Politics has long been a dirty game. Way back in 1828, John Quincy Adams and Andrew Jackson fought in what is considered the dirtiest election ever, where the mudslinging Jackson accused Adams of providing a young virgin for the Tsar of Russia while Adams’ camp questioned Mrs Jackson’s morality.
Beyond feeling sorry for Mrs Jackson, politicians learned a vital lesson from 1828: the truth is flexible. Last year’s US election saw this taken to a new level, lies were not only commonplace, but their telling was targeted at highly specific groups.
It has since emerged that President Donald Trump’s team employed the services of Cambridge Analytica, a little-known company that was also used by the Leave campaign during the Brexit referendum.
Cambridge Analytica claims they use “big data and advanced psychographics to grow audiences, identify key influencers, and move people to action.” In practice, the company identified important and susceptible demographics of US citizens who could be manipulated and their votes swayed via the information they received on social media. Cambridge Analytica then pushed specific information onto those users’ social media feeds, information which often included fake news.

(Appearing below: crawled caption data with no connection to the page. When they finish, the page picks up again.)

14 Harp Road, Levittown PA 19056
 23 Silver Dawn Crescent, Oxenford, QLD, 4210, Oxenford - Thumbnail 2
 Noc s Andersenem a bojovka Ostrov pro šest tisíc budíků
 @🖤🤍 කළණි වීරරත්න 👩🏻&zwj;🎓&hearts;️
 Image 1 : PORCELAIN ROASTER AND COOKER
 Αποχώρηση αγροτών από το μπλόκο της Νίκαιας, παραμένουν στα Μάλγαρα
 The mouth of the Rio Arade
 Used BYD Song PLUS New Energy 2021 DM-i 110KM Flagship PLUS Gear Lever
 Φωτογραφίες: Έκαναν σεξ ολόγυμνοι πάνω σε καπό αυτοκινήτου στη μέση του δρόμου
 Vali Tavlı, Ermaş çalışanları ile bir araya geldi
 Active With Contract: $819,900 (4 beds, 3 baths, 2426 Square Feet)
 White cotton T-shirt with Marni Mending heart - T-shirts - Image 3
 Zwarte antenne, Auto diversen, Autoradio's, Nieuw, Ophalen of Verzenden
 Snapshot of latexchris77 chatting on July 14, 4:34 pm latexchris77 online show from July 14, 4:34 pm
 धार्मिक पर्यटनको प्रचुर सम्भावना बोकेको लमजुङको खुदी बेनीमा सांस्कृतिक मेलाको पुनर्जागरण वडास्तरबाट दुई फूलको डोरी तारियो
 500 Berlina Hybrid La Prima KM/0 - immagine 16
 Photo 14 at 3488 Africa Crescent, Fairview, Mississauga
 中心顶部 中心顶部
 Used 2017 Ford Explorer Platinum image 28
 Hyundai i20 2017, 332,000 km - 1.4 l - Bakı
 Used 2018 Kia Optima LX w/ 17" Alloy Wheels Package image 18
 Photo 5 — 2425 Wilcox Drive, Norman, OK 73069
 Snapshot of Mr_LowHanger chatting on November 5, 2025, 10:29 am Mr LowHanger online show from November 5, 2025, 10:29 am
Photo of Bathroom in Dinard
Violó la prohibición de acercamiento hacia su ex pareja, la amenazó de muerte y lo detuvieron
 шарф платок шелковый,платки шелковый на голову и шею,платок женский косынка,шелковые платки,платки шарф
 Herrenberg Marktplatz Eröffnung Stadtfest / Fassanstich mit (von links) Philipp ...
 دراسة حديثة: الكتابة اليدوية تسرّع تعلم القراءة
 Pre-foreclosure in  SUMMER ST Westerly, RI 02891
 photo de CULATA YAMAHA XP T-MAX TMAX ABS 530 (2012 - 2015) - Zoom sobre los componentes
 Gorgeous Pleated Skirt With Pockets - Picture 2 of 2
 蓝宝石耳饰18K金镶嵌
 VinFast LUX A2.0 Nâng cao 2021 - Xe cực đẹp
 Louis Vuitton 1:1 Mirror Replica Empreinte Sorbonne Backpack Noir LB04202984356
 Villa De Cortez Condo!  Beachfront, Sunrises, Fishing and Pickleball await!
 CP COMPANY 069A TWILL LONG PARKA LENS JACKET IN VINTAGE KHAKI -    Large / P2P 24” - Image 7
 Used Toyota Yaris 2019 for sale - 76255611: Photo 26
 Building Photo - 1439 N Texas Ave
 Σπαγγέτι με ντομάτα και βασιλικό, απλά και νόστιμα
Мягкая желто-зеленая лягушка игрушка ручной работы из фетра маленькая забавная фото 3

But what’s the big problem? The private sector has been using consumers’ personal data in similar ways for an age. Many of the big internet companies have built vast empires based on monetising personal data. What’s more, entire new industries, such as programmatic advertising, have grown out of a commercial desire to target and then market to people at pace and scale.
Politics must be different. The results of this targeting are more serious, they can decide presidents, swing referendums and shape history. It’s not merely a case of a customer buying some shoes they’ve been looking at, it’s a case of democracy’s foundations being shaken.
The targeting takes place on social media, where we not only find out which of our friends has been climbing Everest or getting pregnant, but also what’s going on in the wider world. While we immerse ourselves in these social networks, we are relying heavily on fewer and fewer channels for news. What’s more, we are less likely to question an article that pop-ups on social media. What happens on these feeds is our norm and our truth.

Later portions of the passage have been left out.